Wisconsin is not standing at the precipice of a water crisis to the same degree as  metropolitan Atlanta and much of the western United States, but it would still be wise to undertake public education efforts here and to make more effective water use decisions, Glennon said. 

He also said the Milwaukee area was doing ”pretty well”  in building itself as a center of water-related economic development, thanks to the number of businesses in the area connected to water use,  the growing involvement of universities, and the presence of Lake Michigan.

Glennon, Morris K. Udall Professor of Law and Public Policy in the Rogers College of Law at the University of Arizona, said water is a finite and exhaustible resource that needs major public attention similar to the way petroleum is regarded. “Water lubricates the American economy just as oil does,” he said.

He said droughts in recent years in some parts of the country were not much different than those in the past. What is different, he said, if the number of people living in places such as Las Vegas, Phoenix, San Diego, Los Angeles, and Atlanta. Policies and practices have not changed to keep up with the demand on water as some water tables and aquifers decline in major ways. “You can’t keep putting more straws in the glass and expect things to get better,” he said.

“We humans have an infinite capacity to deny reality,” Glennon said. He said many Americans follow “a hydro-illogical” cycle when it comes to concern about water, and he likened some decisions – or the absence of decisions – in places such as Georgia, where there remains almost no control on how many new wells are drilled, to operating “a circular firing squad.”

“People who think business as usual and some engineering solutions will solve this crisis are not thinking,” Glennon said.

But he said he was “incredibly optimistic” that solutions would come.
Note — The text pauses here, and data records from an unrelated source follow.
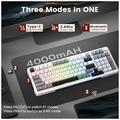 Redragon K688 Pro Wireless Mechanical Keyboard (White/Gray/Black)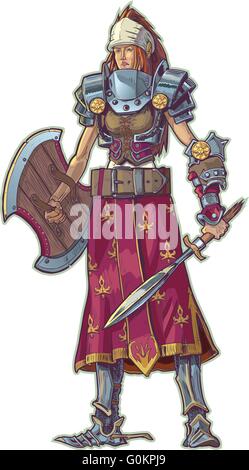 Vector cartoon of a warrior woman with red hair.  She is sporting various pieces of piecemeal armor and weapons. Stock Vector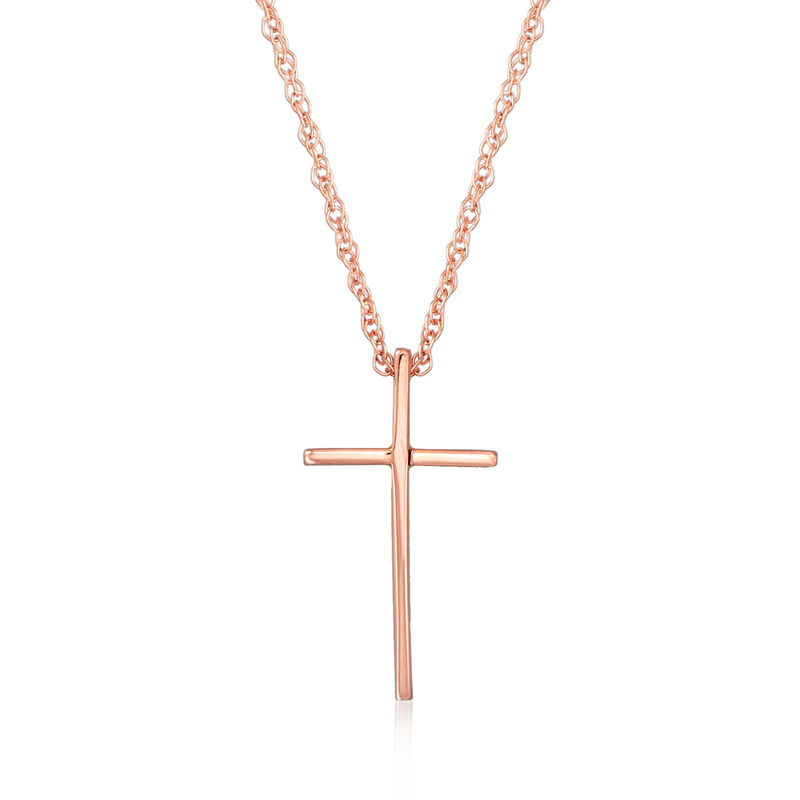 14kt Rose Gold Cross Pendant Necklace. 18&quot; image number 1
He advocated steps such as greater re-use of water, increased water conservation, and increased desalinization of water in coastal areas.
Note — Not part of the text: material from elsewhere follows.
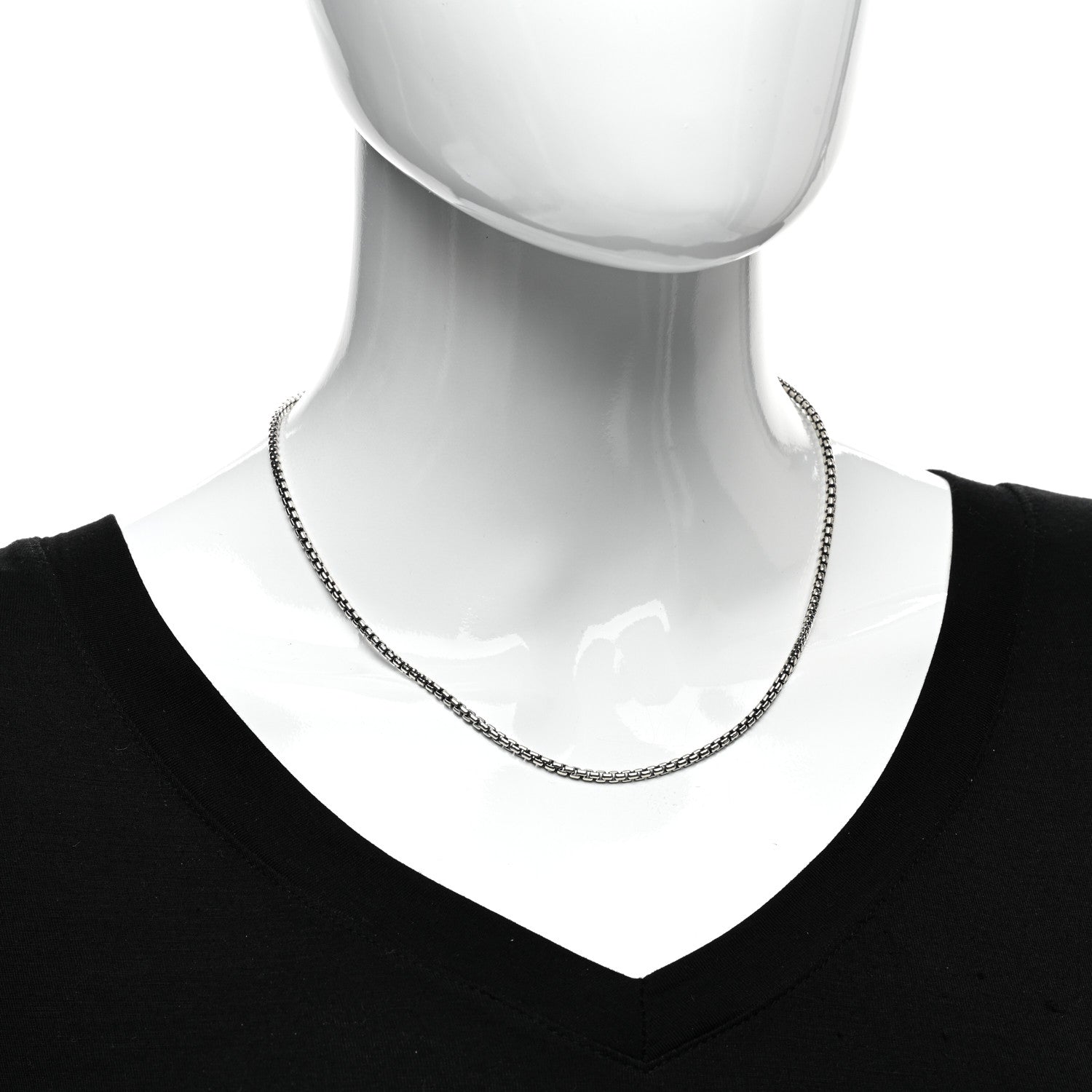 David Yurman Sterling Silver 14K Yellow Gold 2.7mm Small Box Chain Necklace 18" 2 of 4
“”I want to take a fresh look at the human toilet,” he said. “We need to figure out a new way of disposing of human waste” that does not use nearly as much water, he said.

He also called for pricing water more realistically for consumers, which would mean substantial price increases for many people and businesses.

But he suggested the biggest steps are likely to involve a combination of government regulation and free market forces. “We are entering an era of water re-allocation,” Glennon said.  “There is no alternative.”  

Glennon, who described himself as coming from the left side of the political spectrum, described instances where farmers and land owners had found it financially attractive to reduce their water use in exchange for payment from others who wanted to use or conserve that water.

“The critical ingredients are moral courage and the political will to act,” Glennon said.